#### Supplied data
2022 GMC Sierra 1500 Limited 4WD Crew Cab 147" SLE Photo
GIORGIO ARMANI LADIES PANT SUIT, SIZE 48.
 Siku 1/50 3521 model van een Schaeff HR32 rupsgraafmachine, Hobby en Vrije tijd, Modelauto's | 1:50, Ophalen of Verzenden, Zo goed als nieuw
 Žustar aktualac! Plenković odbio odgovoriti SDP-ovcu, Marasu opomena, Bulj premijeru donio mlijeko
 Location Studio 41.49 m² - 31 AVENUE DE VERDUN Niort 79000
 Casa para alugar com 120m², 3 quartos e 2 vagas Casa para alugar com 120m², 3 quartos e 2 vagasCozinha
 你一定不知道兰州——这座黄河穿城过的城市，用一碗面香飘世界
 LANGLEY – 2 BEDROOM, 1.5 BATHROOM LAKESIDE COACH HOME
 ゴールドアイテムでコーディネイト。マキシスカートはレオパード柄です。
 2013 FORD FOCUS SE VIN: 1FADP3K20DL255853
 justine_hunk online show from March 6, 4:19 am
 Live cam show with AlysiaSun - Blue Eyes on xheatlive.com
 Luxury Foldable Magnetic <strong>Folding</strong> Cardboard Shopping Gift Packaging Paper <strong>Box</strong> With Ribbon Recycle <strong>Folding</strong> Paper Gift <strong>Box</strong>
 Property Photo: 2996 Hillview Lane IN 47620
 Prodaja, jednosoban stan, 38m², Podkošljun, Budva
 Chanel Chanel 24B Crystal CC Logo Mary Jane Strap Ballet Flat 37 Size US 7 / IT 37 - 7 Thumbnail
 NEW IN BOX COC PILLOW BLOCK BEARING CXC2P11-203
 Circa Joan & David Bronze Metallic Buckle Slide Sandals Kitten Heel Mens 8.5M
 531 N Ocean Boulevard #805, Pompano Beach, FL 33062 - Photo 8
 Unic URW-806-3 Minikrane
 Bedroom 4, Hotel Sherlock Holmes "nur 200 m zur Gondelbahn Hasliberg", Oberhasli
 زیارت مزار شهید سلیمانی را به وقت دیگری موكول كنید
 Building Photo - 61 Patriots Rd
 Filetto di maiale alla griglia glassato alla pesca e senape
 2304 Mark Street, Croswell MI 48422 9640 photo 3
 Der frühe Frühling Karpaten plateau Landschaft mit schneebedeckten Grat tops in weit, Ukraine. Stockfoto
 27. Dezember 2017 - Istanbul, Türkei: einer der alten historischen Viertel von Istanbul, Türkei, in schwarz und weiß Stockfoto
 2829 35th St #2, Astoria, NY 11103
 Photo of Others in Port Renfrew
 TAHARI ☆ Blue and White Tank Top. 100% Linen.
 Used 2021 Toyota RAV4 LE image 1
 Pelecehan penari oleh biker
########
→ What you will do
Would you reproduce all of the data exactly, without a single alteration?

→ Task solution
2022 GMC Sierra 1500 Limited 4WD Crew Cab 147" SLE Photo
GIORGIO ARMANI LADIES PANT SUIT, SIZE 48.
 Siku 1/50 3521 model van een Schaeff HR32 rupsgraafmachine, Hobby en Vrije tijd, Modelauto's | 1:50, Ophalen of Verzenden, Zo goed als nieuw
 Žustar aktualac! Plenković odbio odgovoriti SDP-ovcu, Marasu opomena, Bulj premijeru donio mlijeko
 Location Studio 41.49 m² - 31 AVENUE DE VERDUN Niort 79000
 Casa para alugar com 120m², 3 quartos e 2 vagas Casa para alugar com 120m², 3 quartos e 2 vagasCozinha
 你一定不知道兰州——这座黄河穿城过的城市，用一碗面香飘世界
 LANGLEY – 2 BEDROOM, 1.5 BATHROOM LAKESIDE COACH HOME
 ゴールドアイテムでコーディネイト。マキシスカートはレオパード柄です。
 2013 FORD FOCUS SE VIN: 1FADP3K20DL255853
 justine_hunk online show from March 6, 4:19 am
 Live cam show with AlysiaSun - Blue Eyes on xheatlive.com
 Luxury Foldable Magnetic <strong>Folding</strong> Cardboard Shopping Gift Packaging Paper <strong>Box</strong> With Ribbon Recycle <strong>Folding</strong> Paper Gift <strong>Box</strong>
 Property Photo: 2996 Hillview Lane IN 47620
 Prodaja, jednosoban stan, 38m², Podkošljun, Budva
 Chanel Chanel 24B Crystal CC Logo Mary Jane Strap Ballet Flat 37 Size US 7 / IT 37 - 7 Thumbnail
 NEW IN BOX COC PILLOW BLOCK BEARING CXC2P11-203
 Circa Joan & David Bronze Metallic Buckle Slide Sandals Kitten Heel Mens 8.5M
 531 N Ocean Boulevard #805, Pompano Beach, FL 33062 - Photo 8
 Unic URW-806-3 Minikrane
 Bedroom 4, Hotel Sherlock Holmes "nur 200 m zur Gondelbahn Hasliberg", Oberhasli
 زیارت مزار شهید سلیمانی را به وقت دیگری موكول كنید
 Building Photo - 61 Patriots Rd
 Filetto di maiale alla griglia glassato alla pesca e senape
 2304 Mark Street, Croswell MI 48422 9640 photo 3
 Der frühe Frühling Karpaten plateau Landschaft mit schneebedeckten Grat tops in weit, Ukraine. Stockfoto
 27. Dezember 2017 - Istanbul, Türkei: einer der alten historischen Viertel von Istanbul, Türkei, in schwarz und weiß Stockfoto
 2829 35th St #2, Astoria, NY 11103
 Photo of Others in Port Renfrew
 TAHARI ☆ Blue and White Tank Top. 100% Linen.
 Used 2021 Toyota RAV4 LE image 1
 Pelecehan penari oleh biker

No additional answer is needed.